[Moscow]: Onti. Glav. red. stroit. lit-ry, 1935. 359 pp.: ill. 26.2x18.4cm. With dust-jacket. In original cloth binding with the letterpress design on the front board and the spine. Neat restoration of the dust-jacket, previous owner’s inscription on the front board (in pen) and its verso (in pencil), a couple of last pages lack small fragments of the upper margin (no text affected). Otherwise in a very good condition.
Extremely rare with the dust-jacket. Third revised edition. First edition published in 1932. Dust-jacket and book design by the artist, V. O. Velem. Introduction by the Soviet constructivist architect and city planner, Nikolai Kolli (1894-1966). A richly illustrated handbook compiled by one of the most famous Soviet experts in the sports architecture, Sergey Zverintsev and specialist of physical culture, S. Nesterov.

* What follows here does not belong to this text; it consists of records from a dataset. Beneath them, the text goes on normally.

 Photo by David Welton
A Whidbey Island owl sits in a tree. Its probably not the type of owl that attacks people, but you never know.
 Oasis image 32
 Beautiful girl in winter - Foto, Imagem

From the late 1920s, involvement in physical culture and sports came to be viewed as the perfect snapshot of the New Soviet Person and the ideal testimony of the “happy” and “healthy” Soviet lifestyle. In 1931, the Soviet state decided to allocate an estimated of 21 million rubles to physical culture and issued a decree announcing mass construction of the sport and leisure sites across all of the Soviet republics. Published only a year later, “Physical Culture Facilities” (1932) came in specifically handy since there were no Soviet guidebooks on the proper design of the sport constructions and the work turned out to be the primary practical manual on the issue.

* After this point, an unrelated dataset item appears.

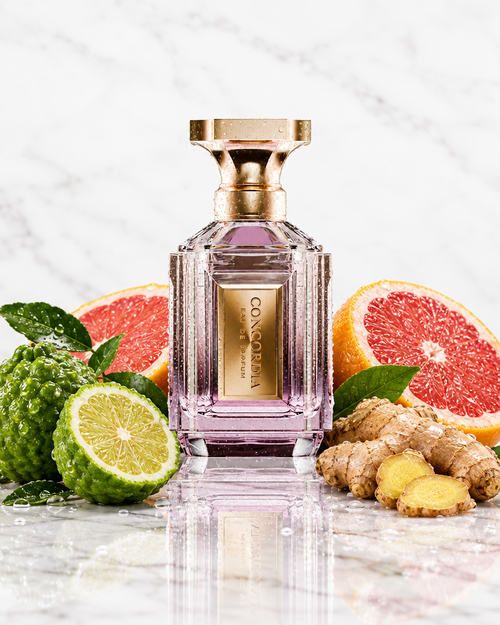 Velixir Parfums - Concordia EDP 100ml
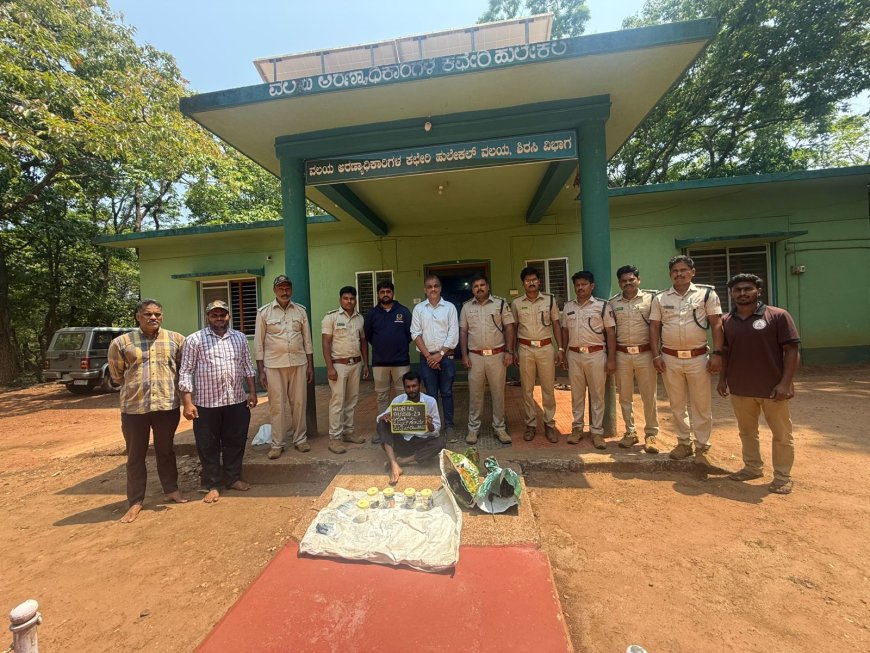 ಅರಣ್ಯ ಇಲಾಖೆಯ 'ಡ್ಯಾಶಿಂಗ್' ಕಾರ್ಯಾಚರಣೆ; ಕಾಡುಕೋಣ ಭೇಟೆಯಾಡಿದ್ದ ಜಾಲ ಪತ್ತೆ, ಓರ್ವ ವಶಕ್ಕೆ!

In this third revised edition of the book, Zverintsev and Nesterov compare the Soviet and foreign experience in construction, offering multiple calculations and tables that define a required quantity of physical culture facilities in different regions across the USSR, average norms of the space that should be occupied by the constructions (according to the specifics of the settlement), general sizes and allocation of different facilities (including swimming pools) within a sport base, etc.
The authors expand upon the features of swimming pools, velodromes, water sport complexes, football and baseball fields, tennis, basketball, volleyball, handball courts, facilities for cycle, motorcycle, auto and winter sports. The book pays particular attention to the construction of stadiums abroad and provides both an architectural
overview and authors’ personal assessments of various sport parks and stadiums: Deutsches stadium in Berlin, Elberfeld stadium in Germany, Frankfurt am Main stadium, stadiums in Stuttgart and Potsdam, sport parks in Cologne and Amsterdam. Photographs and schemes presented in this chapter of the book are specifically interesting since
most of the sport sites had been reconstructed or even demolished (Deutsches stadium in Berlin) over the course of time. Aside from the aforementioned, the authors give advice on the organization of the military education areas (shooting range, parachute tower, etc) and offer a detailed overview of different types of tribunes and peculiarities of their construction.
Showcasing both the Soviet and foreign sport facilities of the 1930s, the book provides a valuable insight into the ABC of the Soviet sports architecture.
The only copy is at NYPL, according to Worldcat.